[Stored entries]
Segment Open

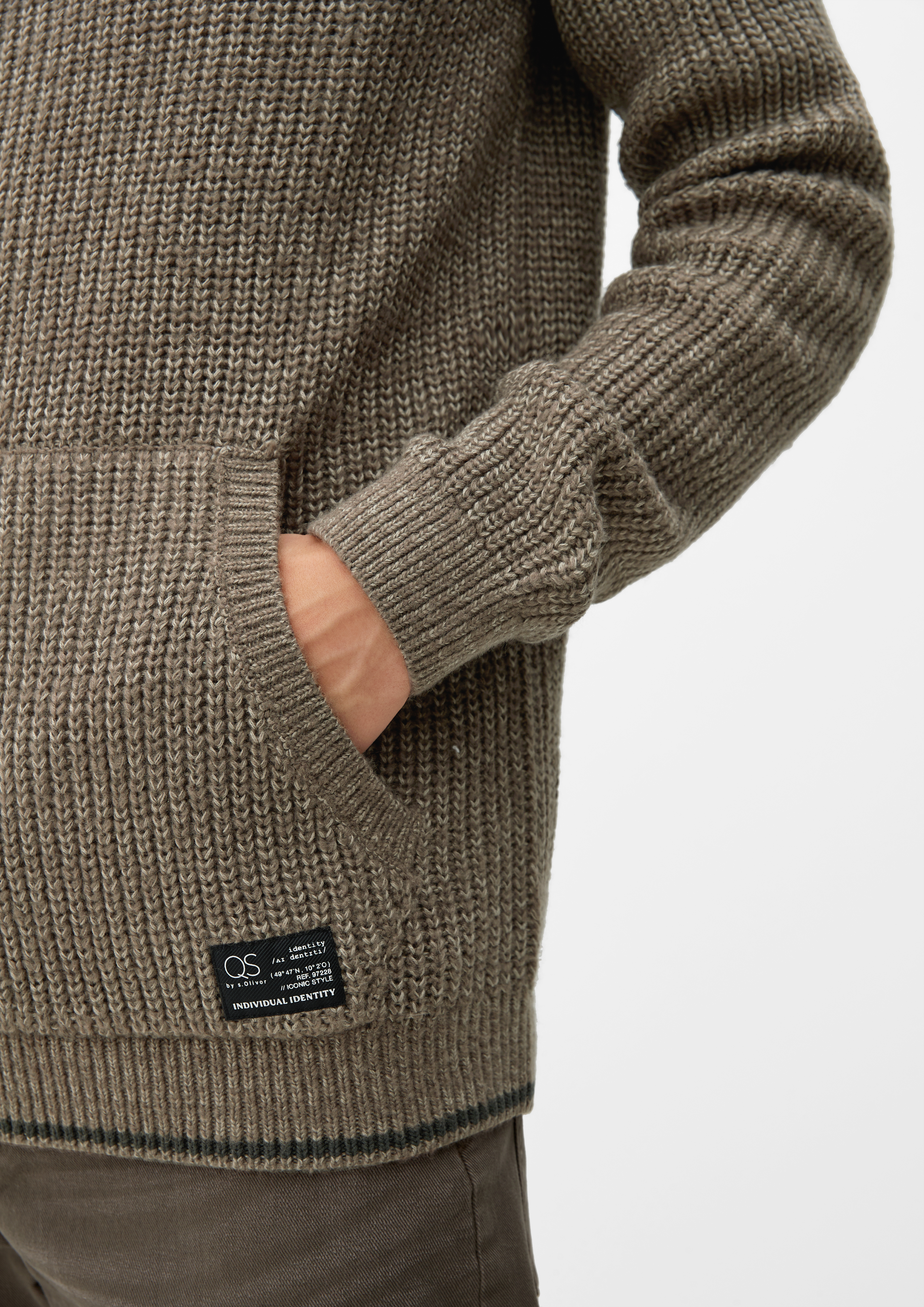 Knitted pullover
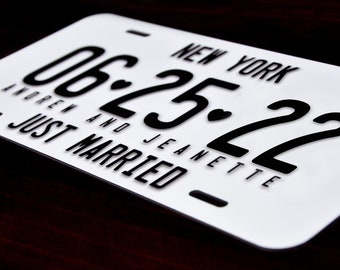 Personalized License Plate, Just Married, Mr Mrs, Bride, Groom, Personalized Gifts, Wedding Gift, Shower Gift, Couples Shower, Car Tag, Tin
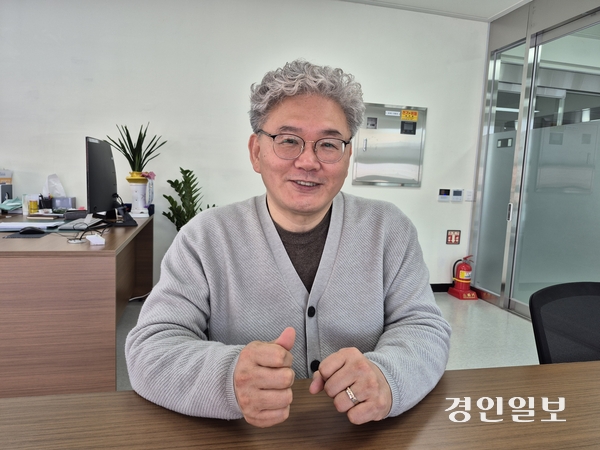 한대수 동두천시 장애인단체 총연합회장은 장애인 권익 향상과 사회 참여 확대를 위해 소통과 교육의 중요성을 강조했다. 2026.3.24 동두천/오연근기자 oyk@kyeongin.com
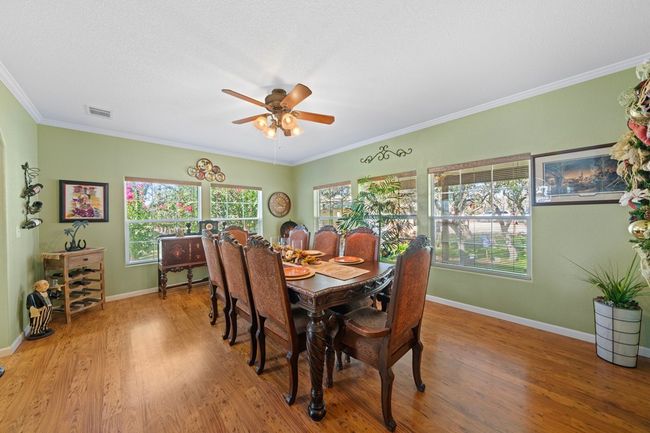 Expansive dining room | Image 14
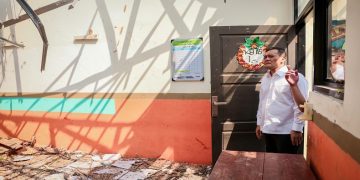 Gubernur Ahmad Luthfi saat mengecek kondisi SDN 03 Sendangmulyo, Kota Semarang, Rabu (29/7/2026). Foto: Ist.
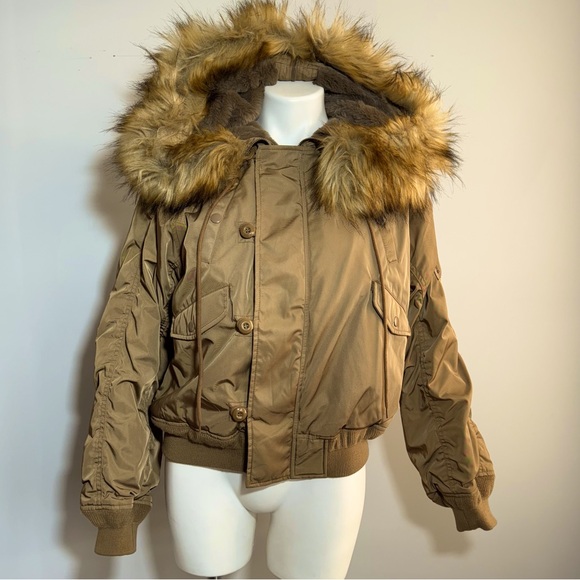 MOUSSY Faux Fur Hooded Bomber Jacket in Tan Size 1 Small Streetwear Warm Outdoor - Picture 5 of 16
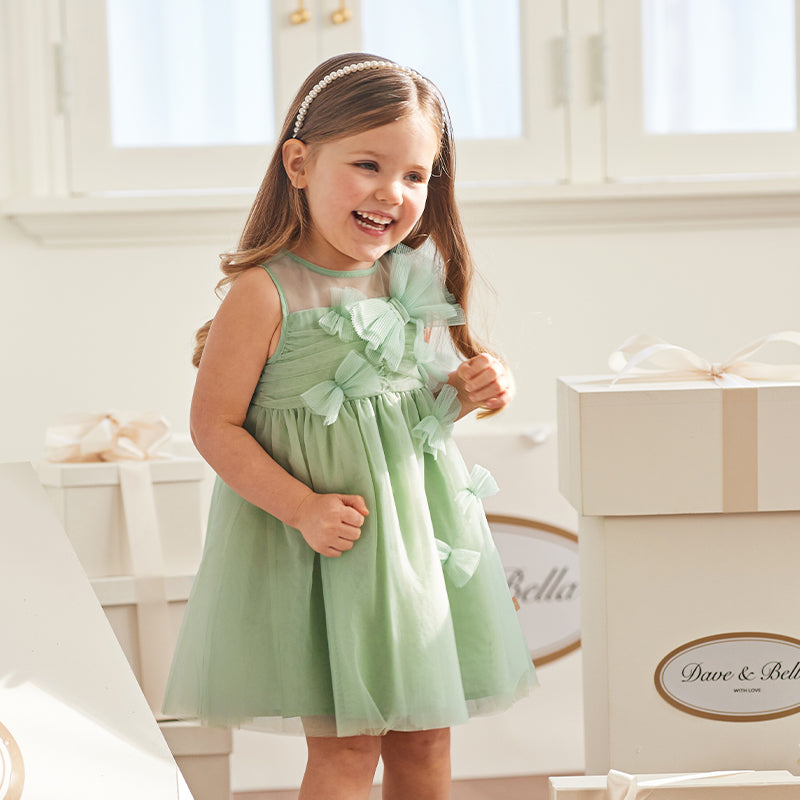 فستان صيفي للبنات الصغيرات من التول الأخضر بدون أكمام بتصميم مناسب للحفلات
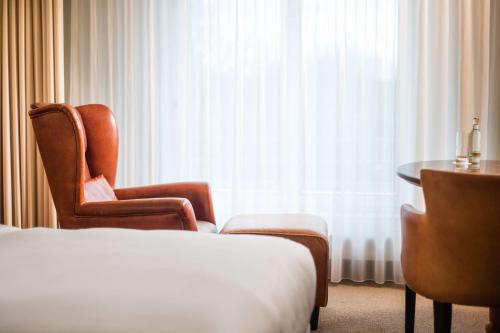 Habitación Doble Deluxe - 2 camas del hotel Lindner Dusseldorf Airport, Part Of Jdv By Hyatt. Foto 8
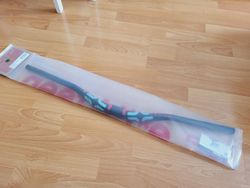 Nové E*Thirteen Race Carbon 800/35 Seafoam Red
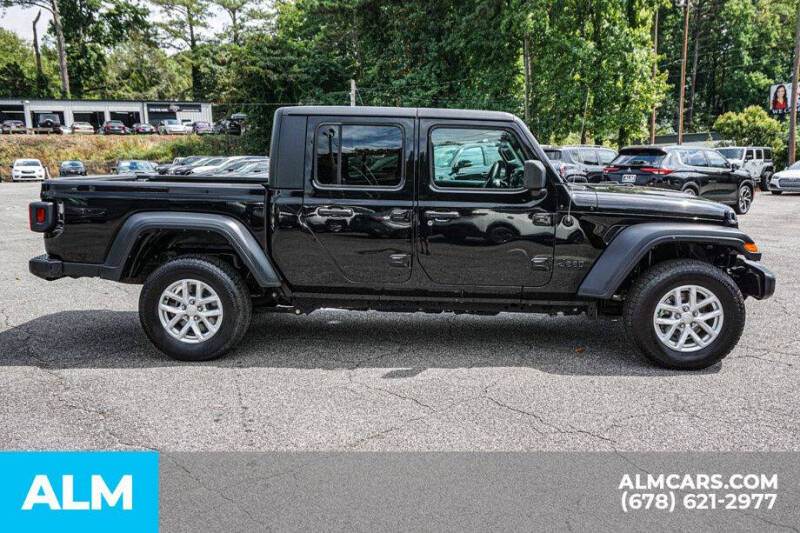 2023 Jeep Gladiator Sport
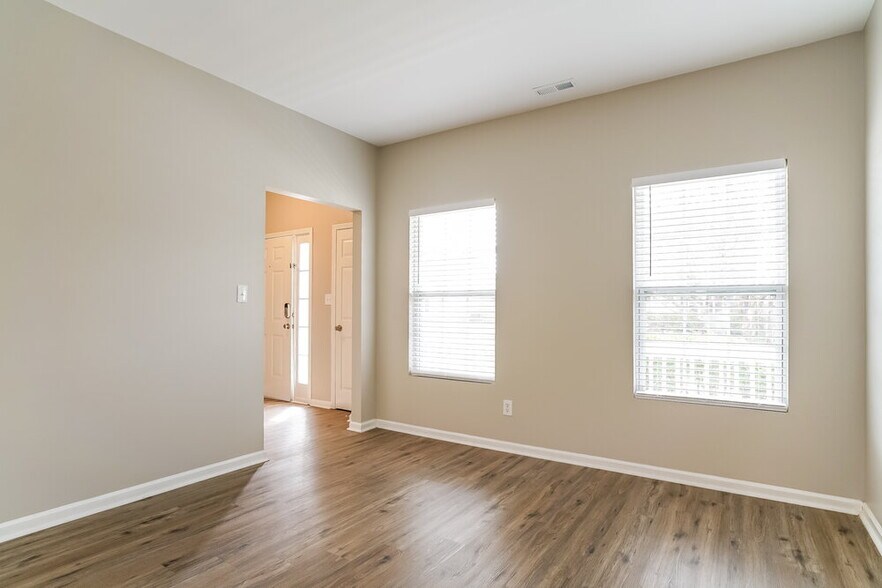 Building Photo - 4709 Alenja Ln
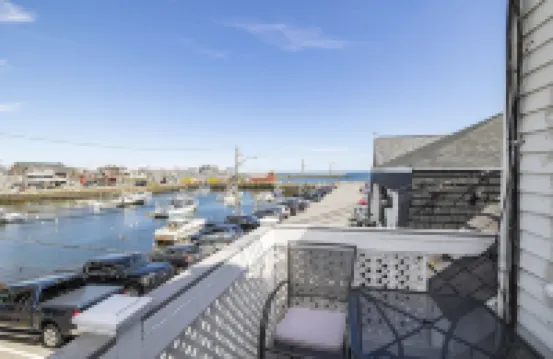Harborside Oasis ★ Harbor View ★ Heart of Downtown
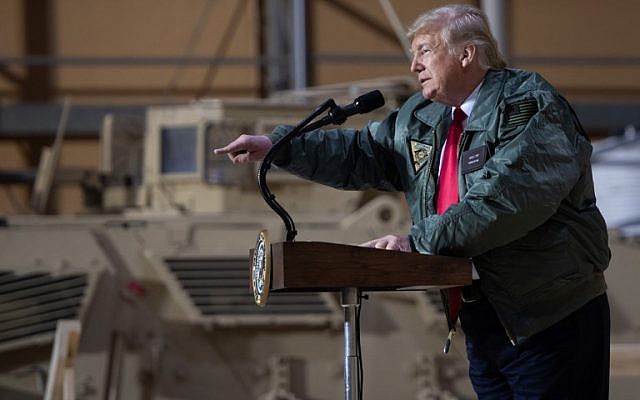 El presidente de los Estados Unidos, Donald Trump, habla a los miembros del ejército estadounidense durante un viaje inesperado a la Base Aérea Al Asad en Irak el 26 de diciembre de 2018. (Saul Loeb / AFP)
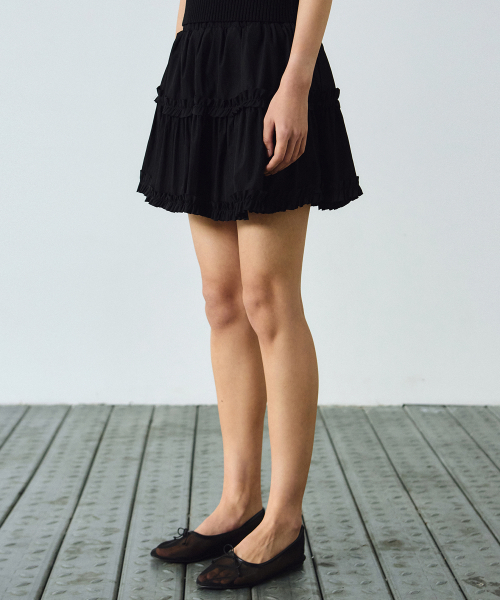 NICK&NICOLE(ニックアンドニコール)の「TRENDY RUFFLE MINI SKIRT_BLACK(スカート・レディース・その他・FREE)」の2枚目の写真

Segment Closed

> **TASK PROMPT**
The line that contains "MOUSSY Faux Fur" begins the range and the last line of the entries ends it; print that range exactly, without pictures.

> **OUTPUT OF THE EXERCISE**
 MOUSSY Faux Fur Hooded Bomber Jacket in Tan Size 1 Small Streetwear Warm Outdoor - Picture 5 of 16
 فستان صيفي للبنات الصغيرات من التول الأخضر بدون أكمام بتصميم مناسب للحفلات
 Habitación Doble Deluxe - 2 camas del hotel Lindner Dusseldorf Airport, Part Of Jdv By Hyatt. Foto 8
 Nové E*Thirteen Race Carbon 800/35 Seafoam Red
 2023 Jeep Gladiator Sport
 Building Photo - 4709 Alenja Ln
Harborside Oasis ★ Harbor View ★ Heart of Downtown
 El presidente de los Estados Unidos, Donald Trump, habla a los miembros del ejército estadounidense durante un viaje inesperado a la Base Aérea Al Asad en Irak el 26 de diciembre de 2018. (Saul Loeb / AFP)
 NICK&NICOLE(ニックアンドニコール)の「TRENDY RUFFLE MINI SKIRT_BLACK(スカート・レディース・その他・FREE)」の2枚目の写真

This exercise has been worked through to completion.